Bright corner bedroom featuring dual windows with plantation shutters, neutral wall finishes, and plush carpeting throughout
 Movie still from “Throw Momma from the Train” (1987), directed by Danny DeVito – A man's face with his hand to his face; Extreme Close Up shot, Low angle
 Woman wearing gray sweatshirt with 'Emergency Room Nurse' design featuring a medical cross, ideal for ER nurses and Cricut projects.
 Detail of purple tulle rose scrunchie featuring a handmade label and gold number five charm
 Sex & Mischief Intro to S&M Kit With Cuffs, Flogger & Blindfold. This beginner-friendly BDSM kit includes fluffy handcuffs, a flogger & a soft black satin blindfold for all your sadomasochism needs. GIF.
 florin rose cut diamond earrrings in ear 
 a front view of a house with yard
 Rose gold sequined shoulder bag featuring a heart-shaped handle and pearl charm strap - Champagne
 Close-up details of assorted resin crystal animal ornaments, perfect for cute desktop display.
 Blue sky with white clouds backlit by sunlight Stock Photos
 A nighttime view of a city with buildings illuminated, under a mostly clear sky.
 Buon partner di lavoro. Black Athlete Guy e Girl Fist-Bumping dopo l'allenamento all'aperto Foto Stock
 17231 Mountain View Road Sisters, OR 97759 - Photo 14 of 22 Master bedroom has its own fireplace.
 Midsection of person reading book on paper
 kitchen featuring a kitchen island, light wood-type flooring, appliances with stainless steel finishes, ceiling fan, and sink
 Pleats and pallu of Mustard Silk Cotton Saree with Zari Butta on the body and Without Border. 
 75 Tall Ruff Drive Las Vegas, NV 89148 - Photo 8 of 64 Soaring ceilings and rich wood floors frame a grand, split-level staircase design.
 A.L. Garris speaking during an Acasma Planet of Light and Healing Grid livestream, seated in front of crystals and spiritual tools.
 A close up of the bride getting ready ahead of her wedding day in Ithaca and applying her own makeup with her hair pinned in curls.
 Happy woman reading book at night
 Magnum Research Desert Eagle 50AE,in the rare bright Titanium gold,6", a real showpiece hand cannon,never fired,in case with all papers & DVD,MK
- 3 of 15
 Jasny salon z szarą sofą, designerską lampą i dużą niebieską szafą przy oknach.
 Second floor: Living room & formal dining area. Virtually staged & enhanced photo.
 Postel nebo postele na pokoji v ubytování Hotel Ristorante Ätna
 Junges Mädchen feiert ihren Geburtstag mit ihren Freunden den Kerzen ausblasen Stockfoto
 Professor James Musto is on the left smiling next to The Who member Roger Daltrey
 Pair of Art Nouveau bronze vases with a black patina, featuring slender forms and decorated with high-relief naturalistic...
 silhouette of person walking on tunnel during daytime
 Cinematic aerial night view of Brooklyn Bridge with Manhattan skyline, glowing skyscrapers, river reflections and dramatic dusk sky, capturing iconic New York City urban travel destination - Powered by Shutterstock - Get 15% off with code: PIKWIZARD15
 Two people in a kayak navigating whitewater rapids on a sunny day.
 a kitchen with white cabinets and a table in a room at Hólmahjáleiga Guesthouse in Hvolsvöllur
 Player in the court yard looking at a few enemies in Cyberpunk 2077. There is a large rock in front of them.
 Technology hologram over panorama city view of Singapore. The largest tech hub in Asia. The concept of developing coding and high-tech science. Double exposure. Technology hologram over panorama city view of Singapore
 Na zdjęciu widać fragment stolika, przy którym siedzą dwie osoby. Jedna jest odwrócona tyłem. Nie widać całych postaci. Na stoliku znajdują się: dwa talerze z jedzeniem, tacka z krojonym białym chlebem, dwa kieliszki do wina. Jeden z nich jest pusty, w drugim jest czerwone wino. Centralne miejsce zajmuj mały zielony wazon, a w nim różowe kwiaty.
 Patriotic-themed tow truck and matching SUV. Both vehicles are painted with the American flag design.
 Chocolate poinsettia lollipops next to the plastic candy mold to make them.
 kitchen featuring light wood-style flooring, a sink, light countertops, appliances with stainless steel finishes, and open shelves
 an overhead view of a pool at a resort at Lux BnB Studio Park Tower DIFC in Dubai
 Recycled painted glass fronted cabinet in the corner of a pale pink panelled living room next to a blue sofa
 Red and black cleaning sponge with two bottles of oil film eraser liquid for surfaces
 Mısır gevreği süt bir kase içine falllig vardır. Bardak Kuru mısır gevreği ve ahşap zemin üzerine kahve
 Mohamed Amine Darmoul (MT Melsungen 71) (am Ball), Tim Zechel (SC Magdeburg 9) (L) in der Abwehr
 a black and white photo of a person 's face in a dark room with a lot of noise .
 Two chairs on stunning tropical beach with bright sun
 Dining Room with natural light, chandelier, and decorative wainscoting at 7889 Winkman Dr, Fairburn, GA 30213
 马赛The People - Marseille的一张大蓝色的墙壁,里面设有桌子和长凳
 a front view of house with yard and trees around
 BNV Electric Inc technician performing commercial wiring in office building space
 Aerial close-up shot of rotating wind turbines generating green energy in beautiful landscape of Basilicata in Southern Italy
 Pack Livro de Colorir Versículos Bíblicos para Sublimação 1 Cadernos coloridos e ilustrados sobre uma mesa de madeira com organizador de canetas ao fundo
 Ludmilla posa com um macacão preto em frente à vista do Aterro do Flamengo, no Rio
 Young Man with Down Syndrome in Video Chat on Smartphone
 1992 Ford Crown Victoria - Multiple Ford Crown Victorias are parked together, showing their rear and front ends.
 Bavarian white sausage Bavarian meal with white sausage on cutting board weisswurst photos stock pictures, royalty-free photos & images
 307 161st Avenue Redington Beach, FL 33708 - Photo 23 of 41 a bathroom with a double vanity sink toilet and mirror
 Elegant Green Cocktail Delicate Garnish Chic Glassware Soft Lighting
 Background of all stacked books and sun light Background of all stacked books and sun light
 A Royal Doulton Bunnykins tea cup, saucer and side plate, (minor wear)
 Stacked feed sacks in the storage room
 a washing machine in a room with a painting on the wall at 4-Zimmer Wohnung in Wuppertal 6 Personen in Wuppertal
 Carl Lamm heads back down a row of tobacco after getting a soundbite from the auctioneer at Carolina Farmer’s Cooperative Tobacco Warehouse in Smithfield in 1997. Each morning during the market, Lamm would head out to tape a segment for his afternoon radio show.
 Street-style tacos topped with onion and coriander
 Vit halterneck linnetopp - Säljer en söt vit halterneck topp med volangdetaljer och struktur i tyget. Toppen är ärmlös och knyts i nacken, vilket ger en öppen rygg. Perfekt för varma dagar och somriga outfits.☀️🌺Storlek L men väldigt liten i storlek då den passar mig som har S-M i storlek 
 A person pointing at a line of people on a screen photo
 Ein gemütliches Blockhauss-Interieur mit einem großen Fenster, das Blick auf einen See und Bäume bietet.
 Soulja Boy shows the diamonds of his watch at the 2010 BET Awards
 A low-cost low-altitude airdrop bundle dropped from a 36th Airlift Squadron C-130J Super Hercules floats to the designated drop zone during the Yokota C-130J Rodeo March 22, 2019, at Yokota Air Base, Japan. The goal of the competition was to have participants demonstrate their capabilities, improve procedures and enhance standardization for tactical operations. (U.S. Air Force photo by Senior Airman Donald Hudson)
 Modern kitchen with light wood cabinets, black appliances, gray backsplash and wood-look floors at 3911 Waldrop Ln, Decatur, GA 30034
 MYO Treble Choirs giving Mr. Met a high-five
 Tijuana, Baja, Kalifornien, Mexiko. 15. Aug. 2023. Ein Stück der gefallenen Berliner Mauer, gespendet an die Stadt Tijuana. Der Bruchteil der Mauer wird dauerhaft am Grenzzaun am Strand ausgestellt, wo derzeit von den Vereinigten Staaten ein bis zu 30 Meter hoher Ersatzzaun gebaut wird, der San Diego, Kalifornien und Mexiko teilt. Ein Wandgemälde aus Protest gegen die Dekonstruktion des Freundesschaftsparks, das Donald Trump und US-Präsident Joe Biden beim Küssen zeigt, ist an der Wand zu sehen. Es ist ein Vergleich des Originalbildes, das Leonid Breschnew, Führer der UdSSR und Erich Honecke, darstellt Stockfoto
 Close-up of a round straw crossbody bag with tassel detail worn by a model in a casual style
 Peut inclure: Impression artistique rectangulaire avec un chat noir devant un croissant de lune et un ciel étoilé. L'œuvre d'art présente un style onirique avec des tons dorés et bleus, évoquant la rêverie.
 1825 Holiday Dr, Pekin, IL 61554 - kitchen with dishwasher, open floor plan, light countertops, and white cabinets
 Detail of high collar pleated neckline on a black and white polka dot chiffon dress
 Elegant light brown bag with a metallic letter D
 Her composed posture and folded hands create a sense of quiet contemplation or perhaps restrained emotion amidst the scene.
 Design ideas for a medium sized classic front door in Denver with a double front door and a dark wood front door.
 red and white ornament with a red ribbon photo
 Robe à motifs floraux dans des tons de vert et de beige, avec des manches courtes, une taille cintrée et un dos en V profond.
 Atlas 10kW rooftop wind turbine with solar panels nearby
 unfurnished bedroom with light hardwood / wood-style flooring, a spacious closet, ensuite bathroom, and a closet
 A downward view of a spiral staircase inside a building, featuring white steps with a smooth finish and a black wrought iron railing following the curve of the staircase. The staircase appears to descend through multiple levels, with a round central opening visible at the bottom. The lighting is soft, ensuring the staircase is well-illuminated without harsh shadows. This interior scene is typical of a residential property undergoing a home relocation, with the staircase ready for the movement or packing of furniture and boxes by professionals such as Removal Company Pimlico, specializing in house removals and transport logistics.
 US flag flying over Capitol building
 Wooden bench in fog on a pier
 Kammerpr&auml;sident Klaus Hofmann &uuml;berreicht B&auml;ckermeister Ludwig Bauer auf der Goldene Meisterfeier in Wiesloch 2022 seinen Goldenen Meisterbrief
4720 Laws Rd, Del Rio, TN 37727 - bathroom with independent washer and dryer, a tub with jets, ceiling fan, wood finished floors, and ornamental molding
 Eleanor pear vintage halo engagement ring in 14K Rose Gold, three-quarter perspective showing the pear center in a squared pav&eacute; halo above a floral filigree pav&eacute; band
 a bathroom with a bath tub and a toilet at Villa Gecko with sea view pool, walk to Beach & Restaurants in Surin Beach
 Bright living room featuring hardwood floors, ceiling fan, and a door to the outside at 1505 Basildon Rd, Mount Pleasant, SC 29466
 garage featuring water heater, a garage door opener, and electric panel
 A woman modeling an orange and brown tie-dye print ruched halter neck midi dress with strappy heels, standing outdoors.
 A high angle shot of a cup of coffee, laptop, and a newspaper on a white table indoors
####################
### [Try it]
Give back exactly the lines above, from the line containing "Na zdjęciu widać" through the line containing "Chocolate poinsettia lollipops", with both end lines and nothing more.

### [Result for this task]
 Na zdjęciu widać fragment stolika, przy którym siedzą dwie osoby. Jedna jest odwrócona tyłem. Nie widać całych postaci. Na stoliku znajdują się: dwa talerze z jedzeniem, tacka z krojonym białym chlebem, dwa kieliszki do wina. Jeden z nich jest pusty, w drugim jest czerwone wino. Centralne miejsce zajmuj mały zielony wazon, a w nim różowe kwiaty.
 Patriotic-themed tow truck and matching SUV. Both vehicles are painted with the American flag design.
 Chocolate poinsettia lollipops next to the plastic candy mold to make them.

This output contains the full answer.